*Exercise objective*
Repeat exactly the line that contains "Else what? I" and every line after it, down to the last line of the entries below. Do not include pictures.

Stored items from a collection
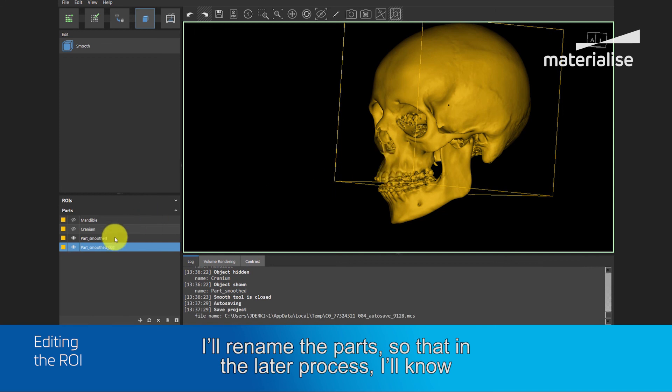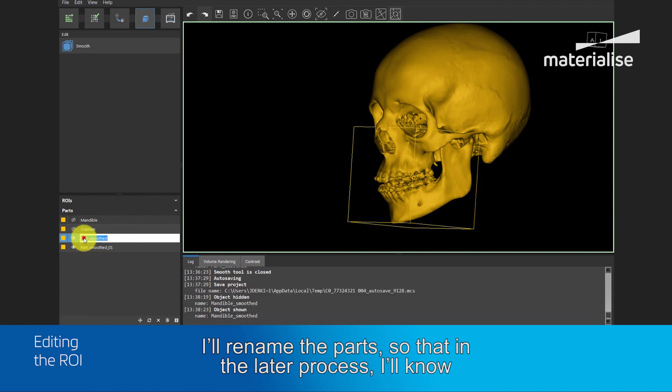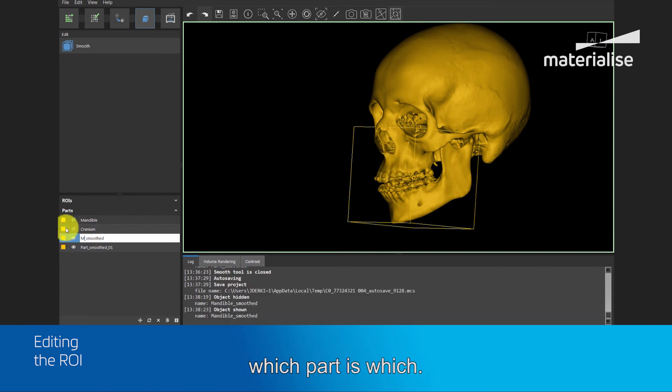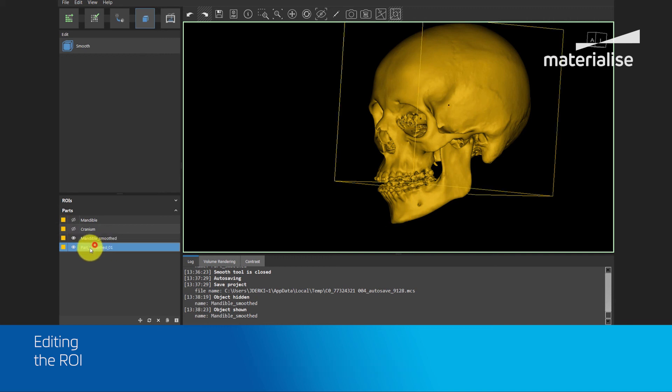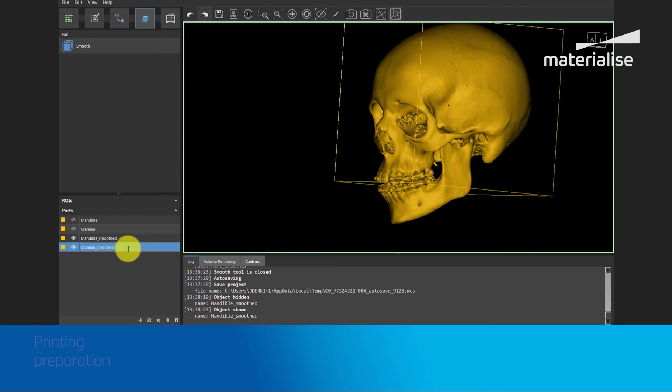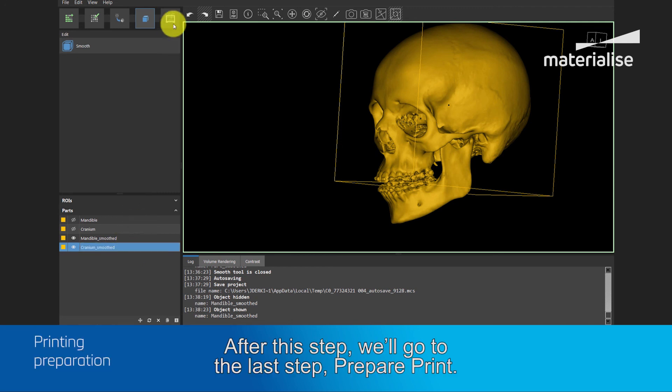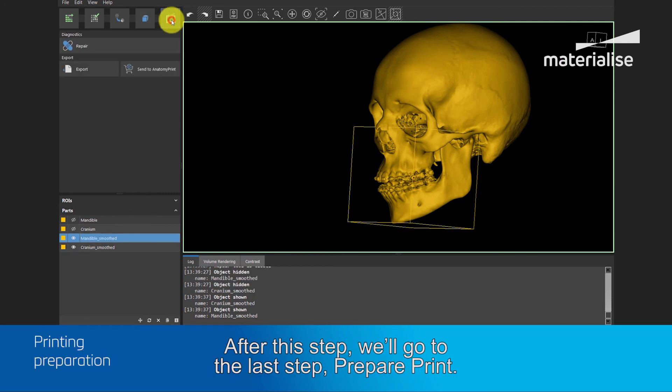I will rename the parts, so that in a later process, I know which part is which. After this step, we go to the last step, Prepare Print.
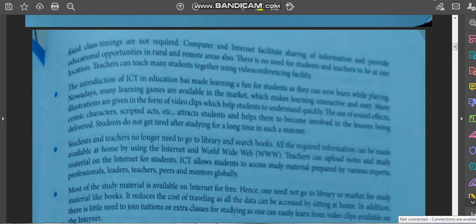Students do not get tired after studying for a long time in such a manner. When studies are given in presentation format with the help of animations, video clips, and informative videos, you get more attracted and the content stays in your mind better than if a teacher is just giving a verbal or oral dictation. Students and teachers no longer need to go to the library and search books — all required information can be made available at home using the internet and World Wide Web.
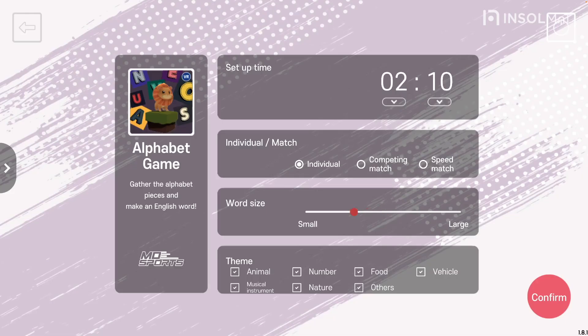Finally, the theme setting. You can select the range of questions for English word questions. Multiple choices are available, and there are themes such as animals, numbers, food, vehicles, musical instruments, nature, and others.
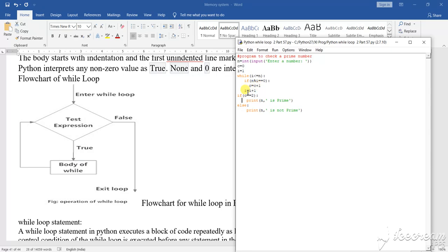Else what? I equals to I plus 1. So if this condition is not there, what you will see? C equals to 2. If it is so, then what it will do? It will come out and it will print this part. If it is not so, it will do the else part. So let us run the program and see what output it is giving.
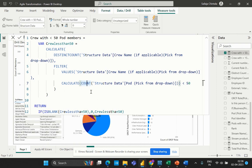That's how you count the number of crews that have less than 50 pod members using DAX and Power BI. Thanks for watching this video on the Learn at Cloud Analytics channel — be sure to subscribe and hit the bell icon to get notified of new videos. Thank you.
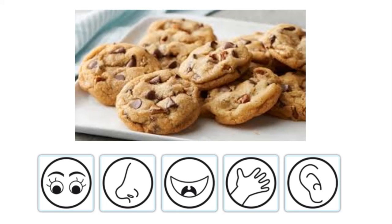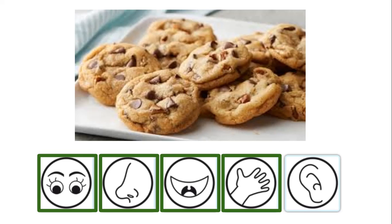Can you see cookies? Can you smell cookies? Can you taste cookies? Can you touch cookies? Can you hear cookies? We use all of our senses, except for hearing. We can't hear cookies. That's silly.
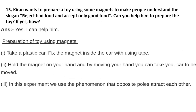Kieran wants to prepare a toy using magnets to help people understand the slogan: Reject bad food and accept only good food. To prepare the toy: take a plastic car and fix a magnet inside it using tape. Hold another magnet in your hand and by moving your hand, you can make the car move. In this experiment, we use the phenomenon that opposite poles attract each other.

*Solved problem*
Else what? I equals to I plus 1. So if this condition is not there, what you will see? C equals to 2. If it is so, then what it will do? It will come out and it will print this part. If it is not so, it will do the else part. So let us run the program and see what output it is giving.
That's how you count the number of crews that have less than 50 pod members using DAX and Power BI. Thanks for watching this video on the Learn at Cloud Analytics channel — be sure to subscribe and hit the bell icon to get notified of new videos. Thank you.
Can you see cookies? Can you smell cookies? Can you taste cookies? Can you touch cookies? Can you hear cookies? We use all of our senses, except for hearing. We can't hear cookies. That's silly.
Kieran wants to prepare a toy using magnets to help people understand the slogan: Reject bad food and accept only good food. To prepare the toy: take a plastic car and fix a magnet inside it using tape. Hold another magnet in your hand and by moving your hand, you can make the car move. In this experiment, we use the phenomenon that opposite poles attract each other.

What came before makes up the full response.